Whilst land use has long been a key part of tackling climate change its importance was thrown into stark relief by the Paris Agreement at the end of 2015. Its new goal to limit average temperature change to 1.5°C above pre-industrial levels makes the conservation and enhancement of natural sinks and reservoirs of greenhouse gases both essential and urgent.
This has been acknowledged at Gola in Sierra Leone, where enormous efforts have been made to understand the carbon value of the forest. While the RSPB’s original motivation was to support efforts to protect the wildlife of Gola, the carbon benefits of keeping the trees standing have become clearer and is part of the solution to generating/securing sustainable sources of income by selling the value of the carbon to help protect and manage the forest. We therefore, in 2014 established Gola as the first Reducing Emissions from Deforestation and Degradation (REDD) project in West Africa. As well as conserving the forest, supporting the 114 communities that surround the forest, the project aims to conserve nearly 5 million tonnes of carbon dioxide by keeping it both locked in the forest and soils and by adding more as the forest regenerates. The project is independently verified against the two leading global standards (Verified Carbon Standard) and biodiversity and social impact (Climate, Community and Biodiversity Alliance Standard).

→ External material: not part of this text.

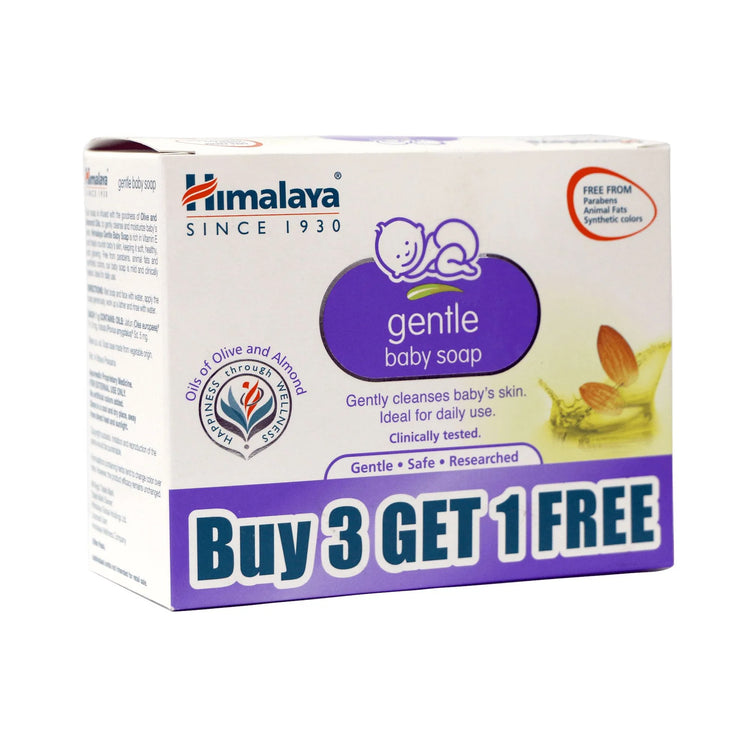 Himalaya Gentle Baby Soap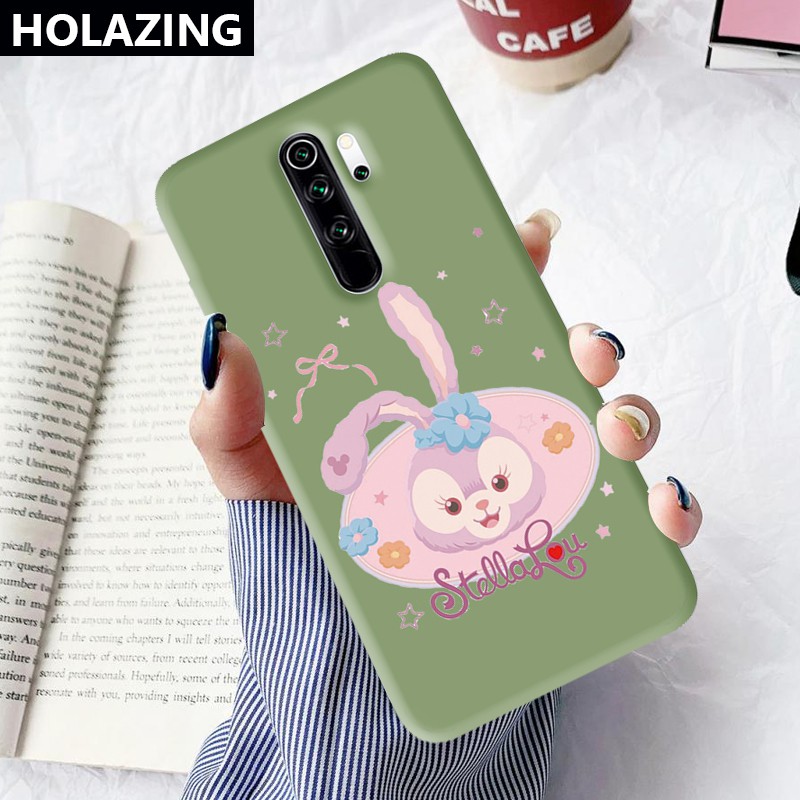 Ốp điện thoại Silicone mềm hình thỏ ba lê cho Xiaomi Redmi Note 10 5G Pro 9T 9 Pro 9A 9S 8A Redmi Note 8 Pro 10S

This is a form of carbon offsetting. While the top priority must be to reduce greenhouse gas emissions in absolute terms, our view is that carbon offsetting can be a valuable source of funding to support conservation efforts. So, we support offsetting projects when clear and exemplary biodiversity, carbon and social standards are adopted.
How you can help
This is why, I have decided to purchase carbon credits as a way of paying for my own carbon footprint thereby contributing to the long term funding needs of Gola. I would encourage you to consider doing the same. With the Gola partners we have joined forces with Stand for Trees, a US charity helping projects like ours to sell our carbon credits on their website. If you would like to help, simply go to here select ‘Protect a Forest’, choose your currency and find the Gola Project to buy your credits and receive a nice certificate for your efforts.
Equally exciting is the partnership that we, and our Gola partners, have entered into with market leading climate and development experts, ClimateCare. Through ClimateCare, businesses are now able to offset their unavoidable carbon emissions with the Gola Rainforest project. This helps the climate, protects crucial wildlife habitat and supports a raft of social and community benefits. You can read about new partnership here.
You can help by prompting your own organisation to get involved and contact the ClimateCare team on 01865 591000 or email email@example.com.
Technology permitting, I shall try to share my impressions of Gola while I am away. Until then, please do #showthelove in the run up to this year’s Valentine’s Day.